Quanto custa carregar um carro elétrico no Brasil?

Entenda como o custo de recarga de veículos elétricos impacta as finanças no Brasil.

A crescente popularização dos carros elétricos no Brasil tem despertado uma dúvida central entre consumidores: afinal, quanto custa carregar um carro elétrico no dia a dia?

Em um cenário de combustíveis voláteis e busca por economia, entender o custo de recarga se tornou decisivo para quem avalia migrar de um veículo tradicional para um modelo 100% elétrico.

Mais do que uma tendência, a mobilidade elétrica representa uma mudança estrutural na forma de dirigir e consumir energia.

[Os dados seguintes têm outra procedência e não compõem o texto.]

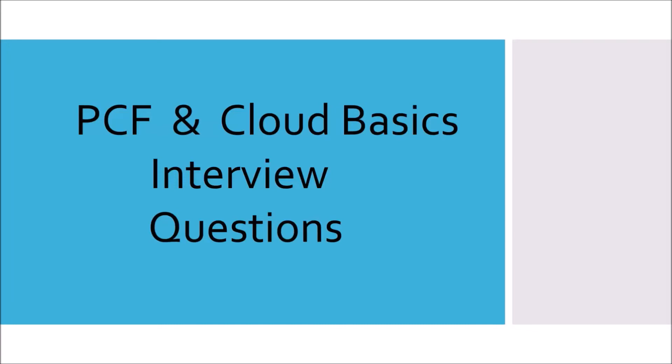In this video, I am going to talk about basic interview questions related to cloud and a few interview questions related to concepts of Pivotal Cloud Foundry, also called PCF. So let's start.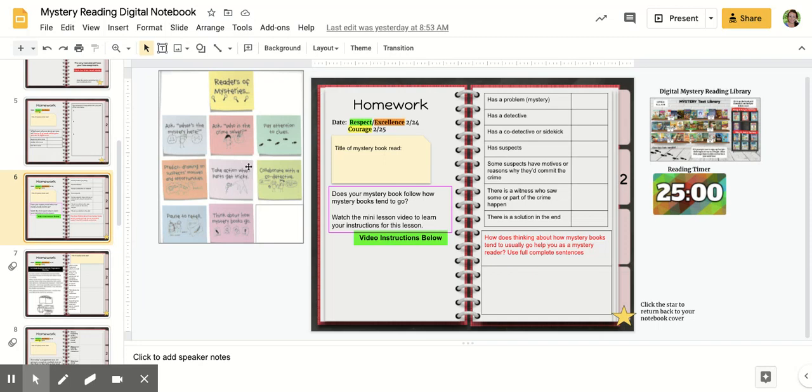Welcome back, Detectives. For today's reading lesson, you are thinking all about how mystery books usually go, what you know about mystery books, and the things that are normally found in mystery books, just like we talked about in our mini lesson earlier this week.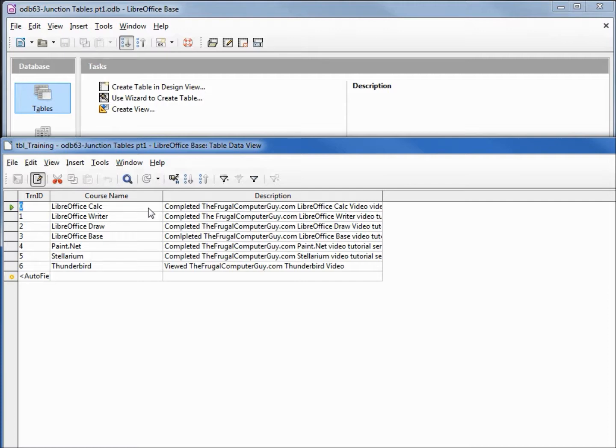This is the same problem you have with the library database. You want to list your books, DVDs, or video games by title, by category, or artist, and to do this you need to create a many-to-many relationship.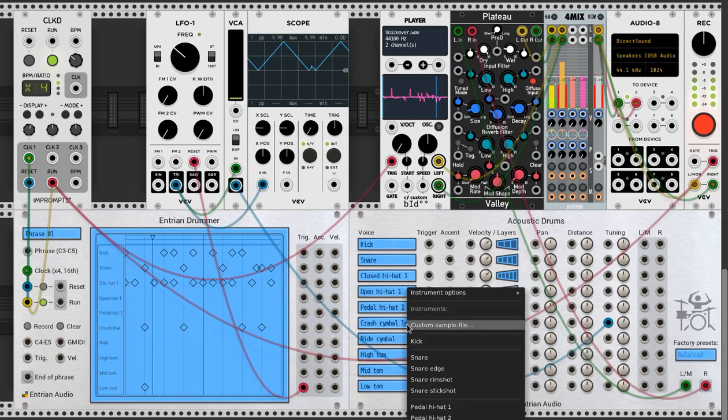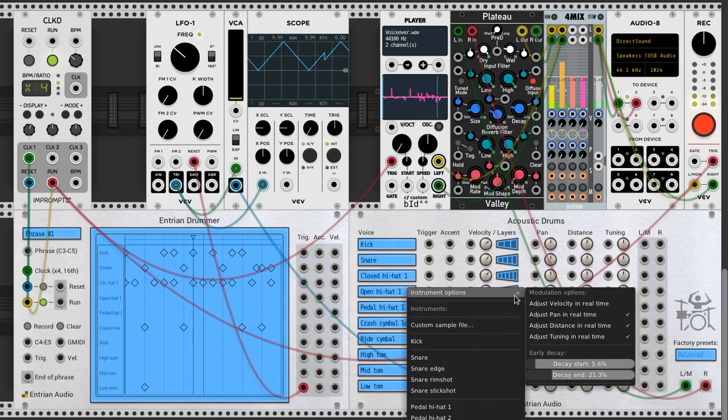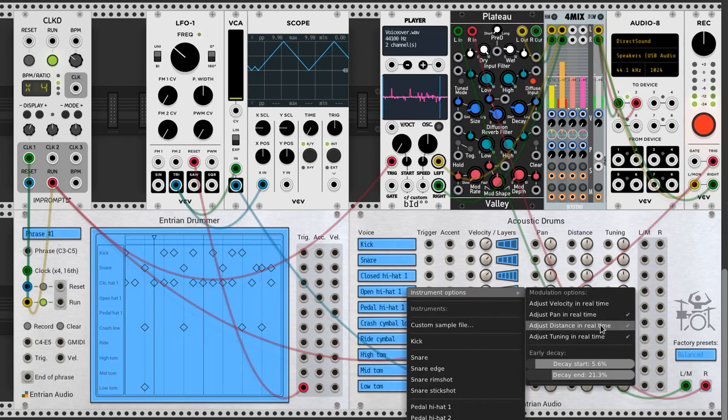And you can control all the modulation inputs in this way: the velocity, the pan, the microphone distance, and the tuning.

No entanto, para tomar uma decisão consciente, é fundamental analisar os fatores que impactam diretamente o bolso, desde a tarifa de energia até o tipo de carregamento utilizado.

O que influencia o custo de carregar um carro elétrico

Foto: Shutterstock

O valor da recarga de um veículo elétrico não é fixo e pode variar de acordo com alguns pontos-chave:

  • Tarifa de energia elétrica da região;
  • Local de carregamento (casa ou eletropostos públicos);
  • Tipo de carregador (lento, rápido ou ultrarrápido);
  • Eficiência energética do veículo.

Esses fatores determinam o chamado custo por quilômetro rodado, um dos principais indicadores para comparar carros elétricos com modelos a combustão.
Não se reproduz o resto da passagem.